Chambre de l’Exécution – JEX

ARRÊT N° /24 DU 18 JANVIER 2024

Numéro d’inscription au répertoire général :

N° RG 23/01831 – N° Portalis DBVR-V-B7H-FHIF

Décision déférée à la cour :

Jugement du juge de l’exécution du tribunal judiciaire de Verdun, R.G.n° 23/00344, en date du 03 août 2023,

APPELANTE :

Madame [P] [U] [R]

née le [Date naissance 2] 2001 à [Localité 7] (55), domiciliée [Adresse 6] – [Localité 5]

Représentée par Me Hervé MERLINGE de la SCP SIBELIUS AVOCATS, avocat au barreau de NANCY

INTIME :

Monsieur [J] [T] [R]

né le [Date naissance 1] 1966 à [Localité 7] (55), domiciliée [Adresse 4] – [Localité 5]

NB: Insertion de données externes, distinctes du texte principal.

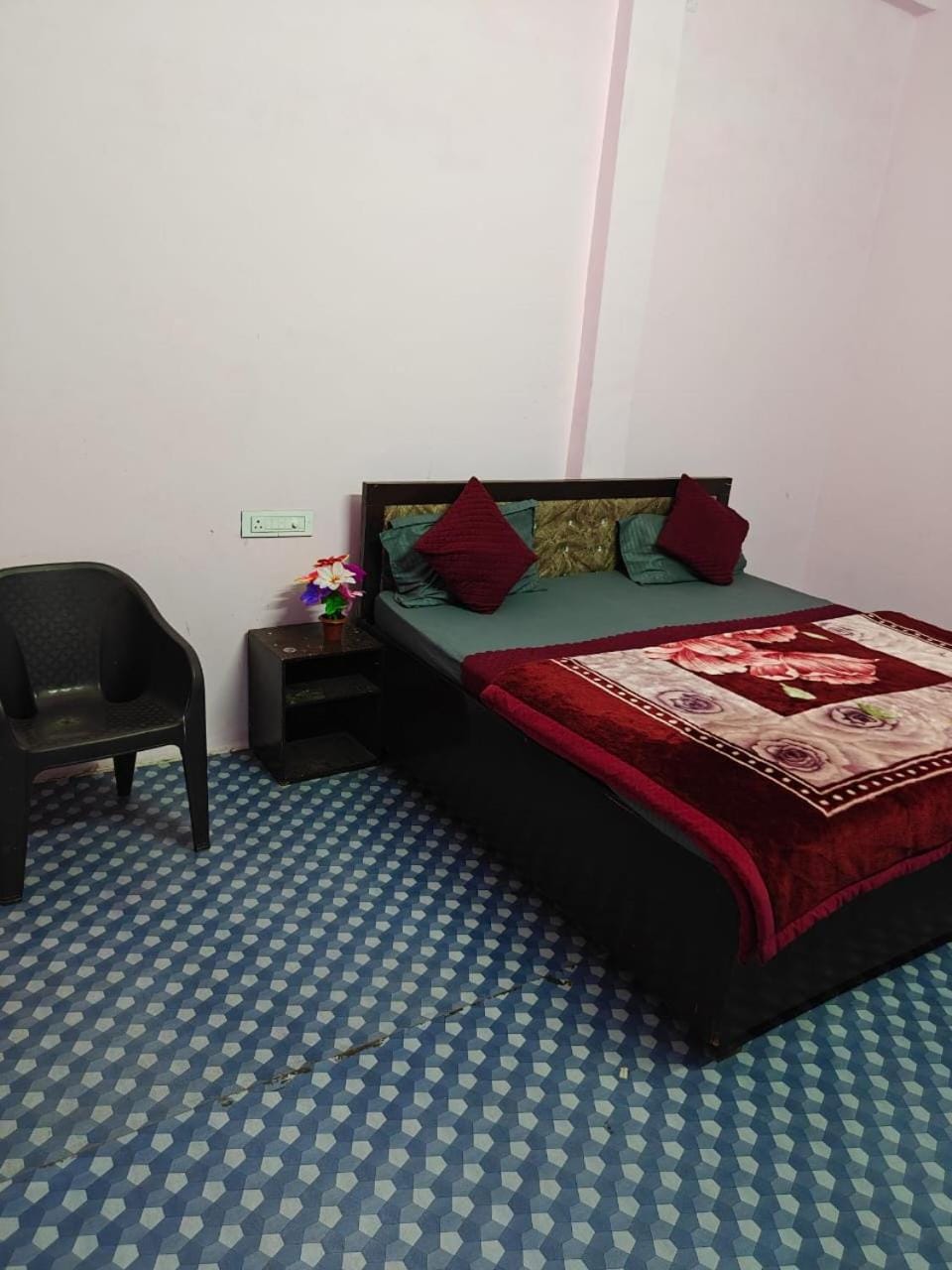 Shri Prabhu guest house Apartment in Uttar Pradesh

Représenté par Me Christophe HECHINGER, avocat au barreau de la MEUSE

COMPOSITION DE LA COUR :

En application des dispositions des articles 786 et 905 du Code de Procédure Civile, l’affaire a été débattue le 07 Décembre 2023, en audience publique, les avocats ne s’y étant pas opposés, devant Monsieur Francis MARTIN, président de chambre, et Madame Fabienne GIRARDOT, conseillère, chargé du rapport.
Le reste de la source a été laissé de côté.